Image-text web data
--- START ---

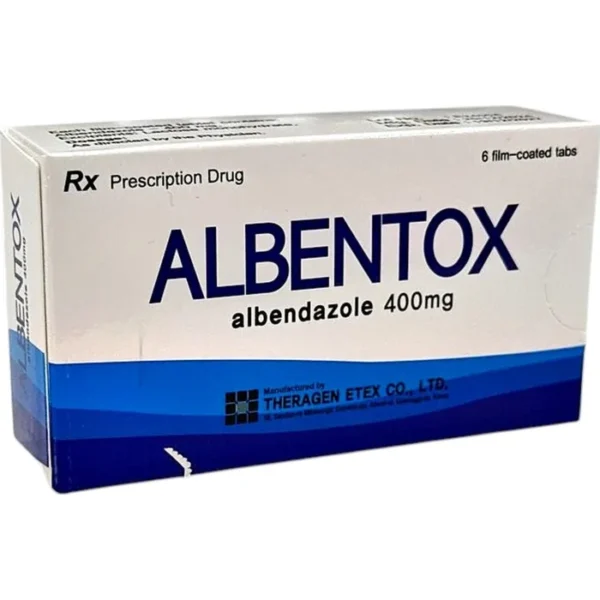Albentox 400 mq N6 tablet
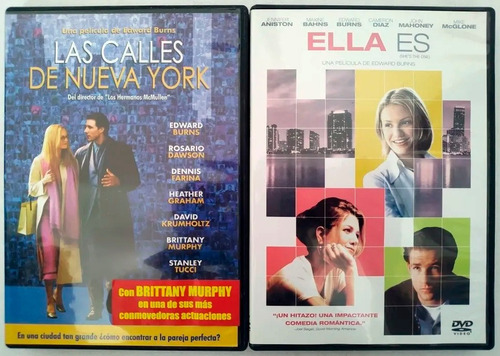 Edward Burns Dvd Calles Nueva York Ella Es Cameron Díaz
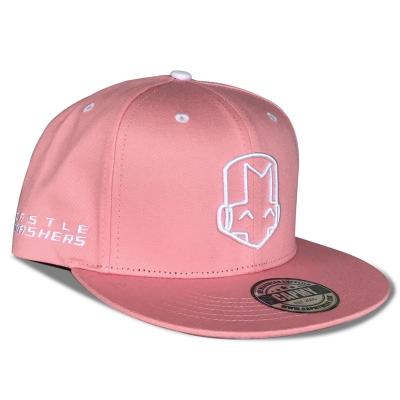 China 6 panel snaback hats pink hot sale wholesale hats, custom unisex snapback hat, unisex custom hat hat women sports for sale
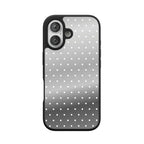 On the Dot | White Polka Dot Case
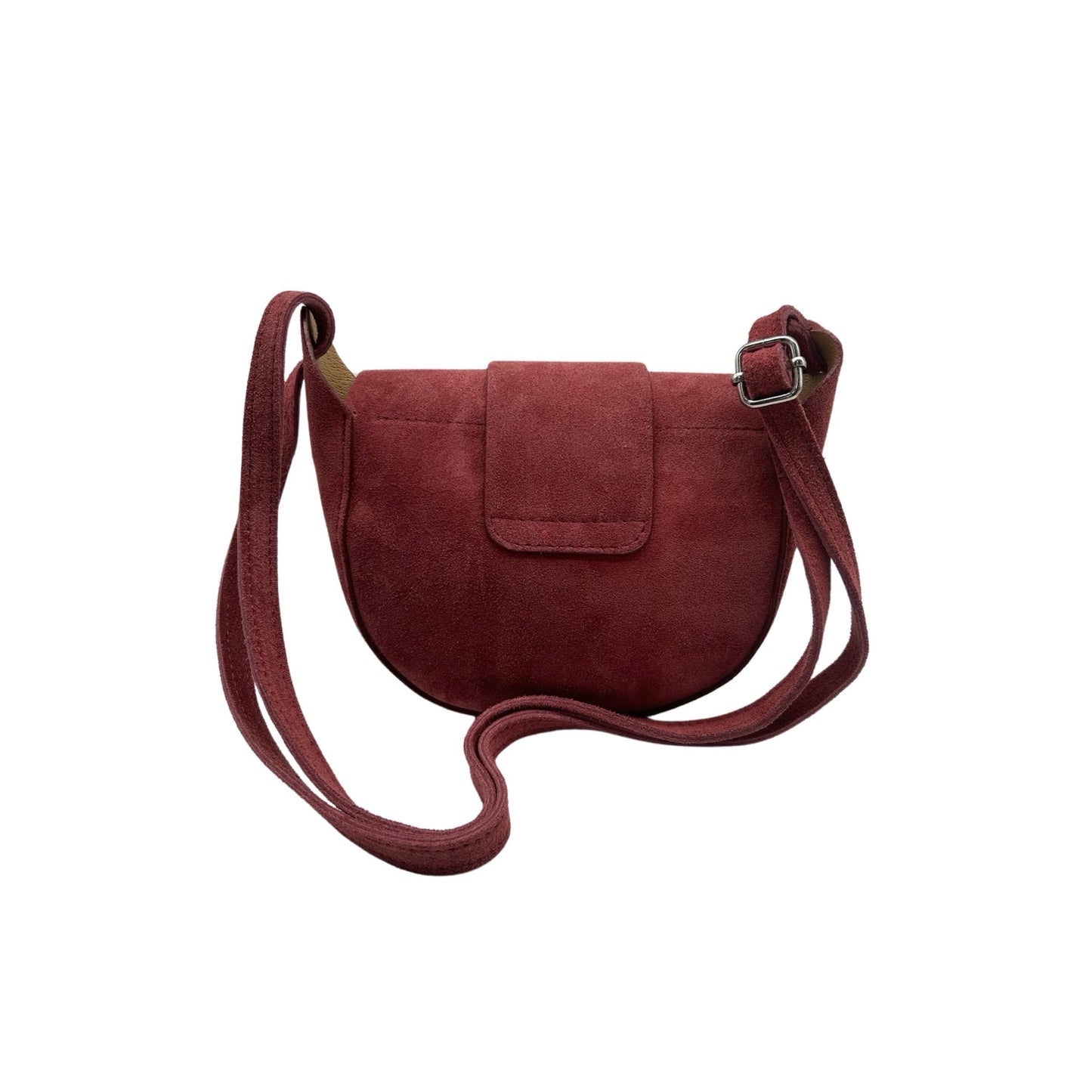 SAC BANDOULIERE CUIR SUEDE MARGOT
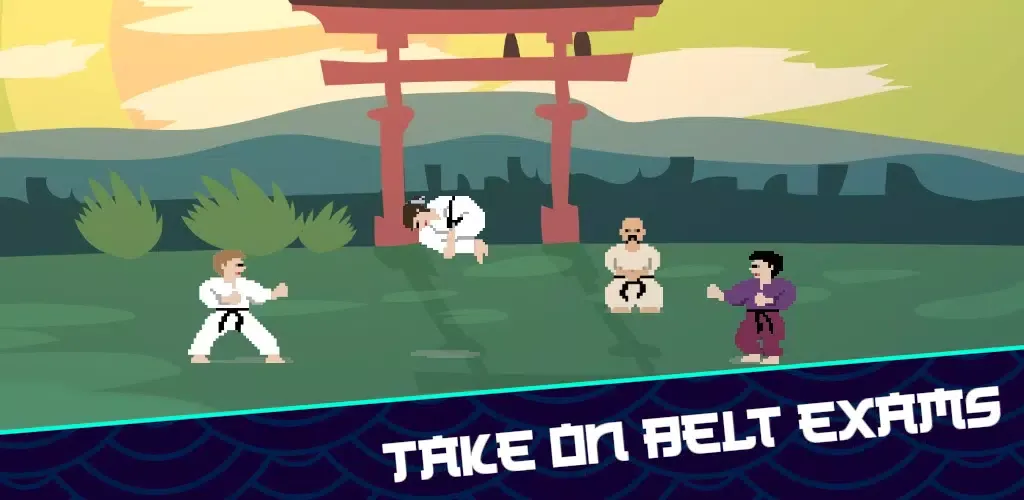 Capturas de pantalla de Fighting Kuro Obi Karate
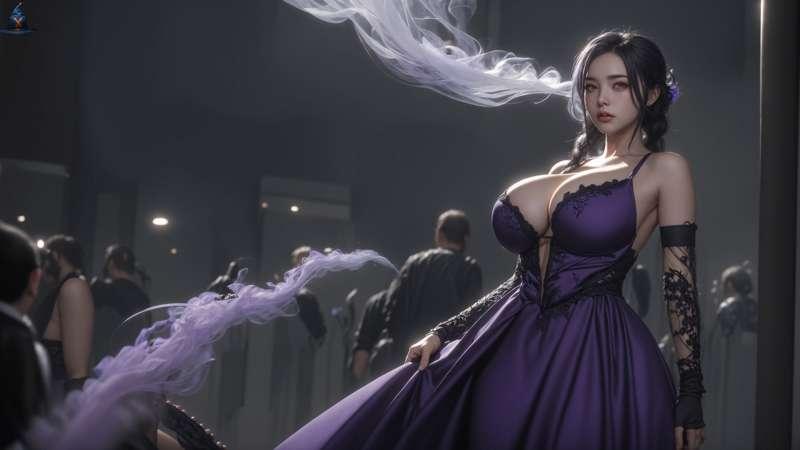 Halloween Tales - Ivana's Purple Smoke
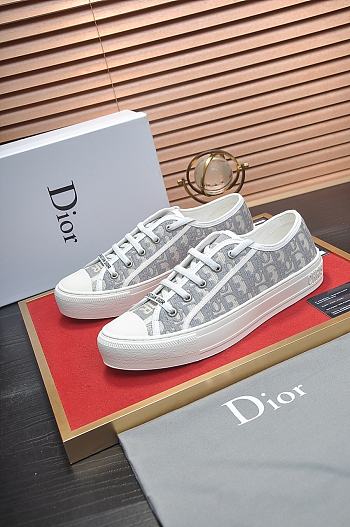 Dior Walk'n' Sneaker Low Top Macrocannage D15B60-04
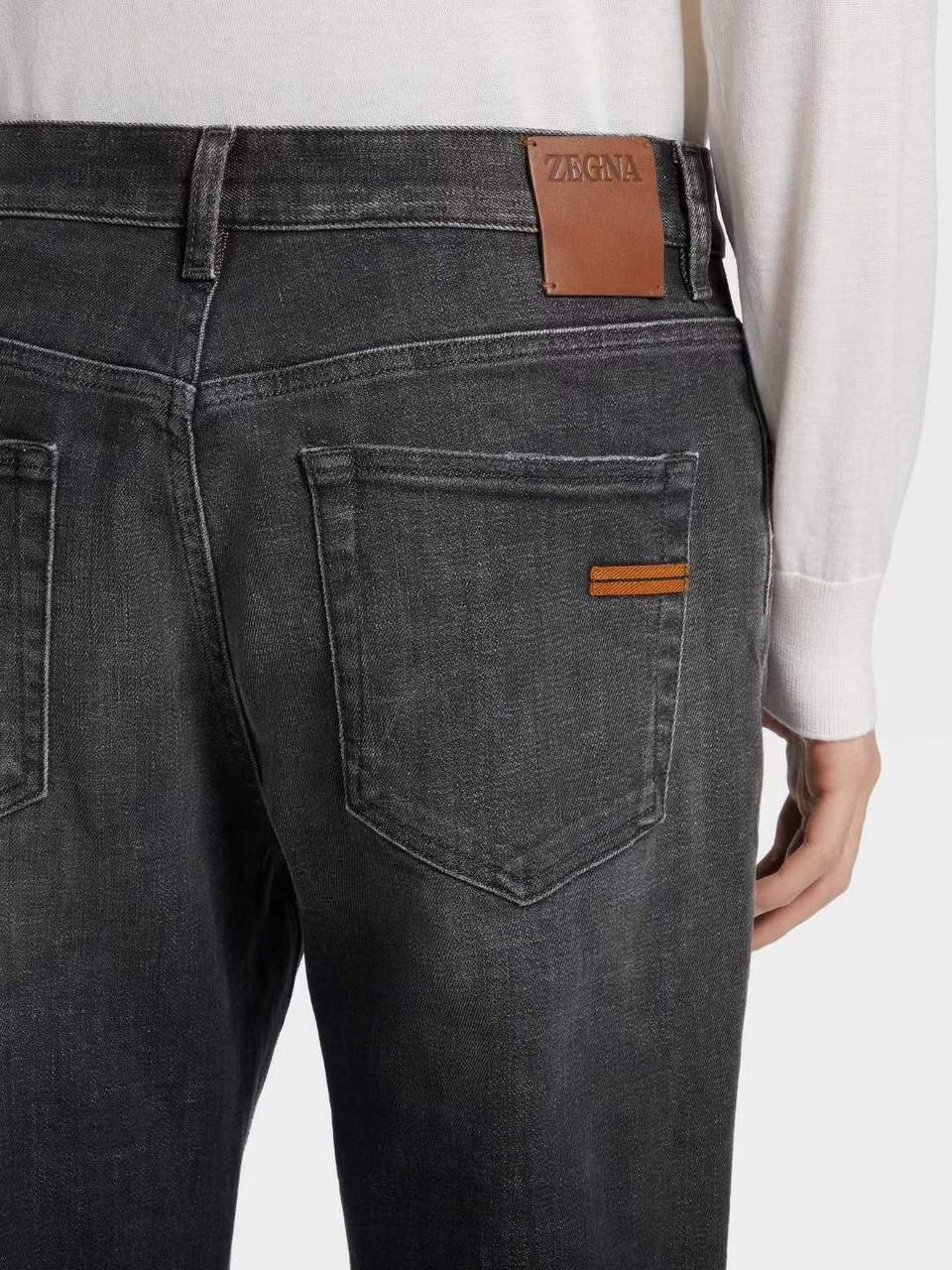 Джинсы стильные ZEGNA BP-48850 Джинсы стильные ZEGNA BP-48850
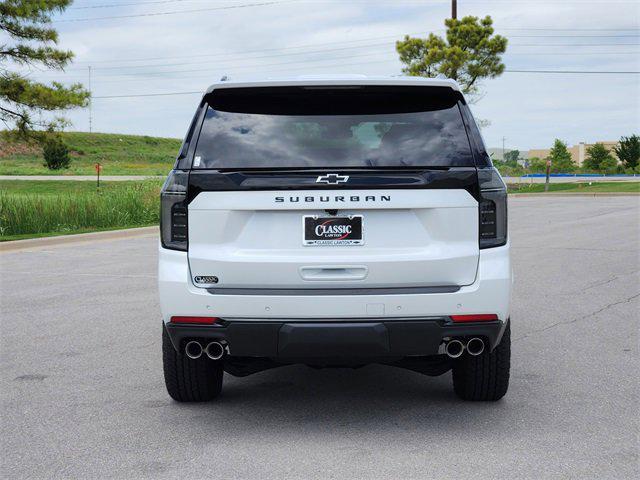 new 2025 Chevrolet Suburban car, priced at $78,295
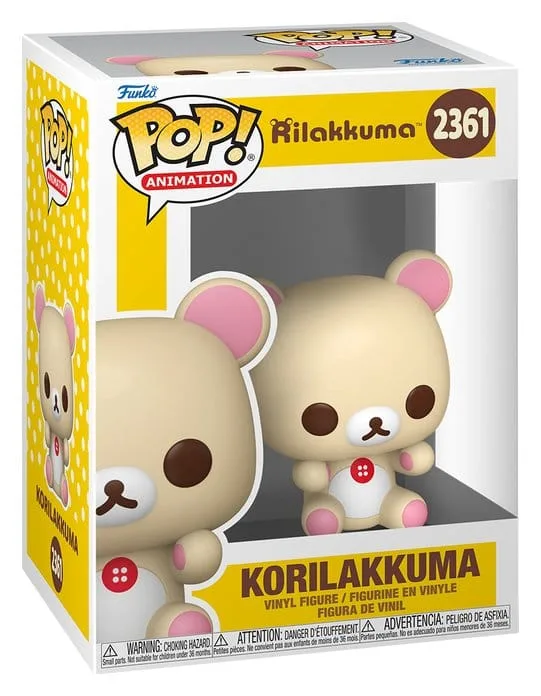 Rilakkuma figuur – Funko Pop Animation Korilakkuma 9 cm 2
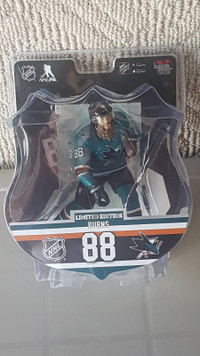 SAN JOSE SHARKS BRENT BURNS LIMITED TO 2,850 PRODUCED 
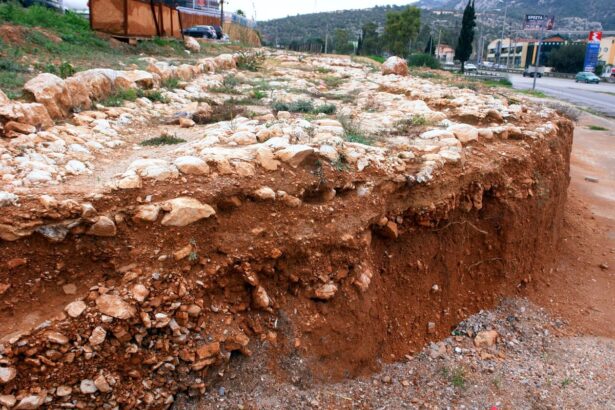Χαϊδάρι Σήμερα Κατάχωση της Ιεράς Οδού στον Σκαραμαγκά αποφάσισε ο υπουργός Πολιτισμού 3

--- END ---

-- Task directions --
The expected output is the exact run of lines from the one containing "Rilakkuma figuur –" through the final line of the data above, both ends included, with no pictures.

-- Solution to this task --
 Rilakkuma figuur – Funko Pop Animation Korilakkuma 9 cm 2
 SAN JOSE SHARKS BRENT BURNS LIMITED TO 2,850 PRODUCED 
Χαϊδάρι Σήμερα Κατάχωση της Ιεράς Οδού στον Σκαραμαγκά αποφάσισε ο υπουργός Πολιτισμού 3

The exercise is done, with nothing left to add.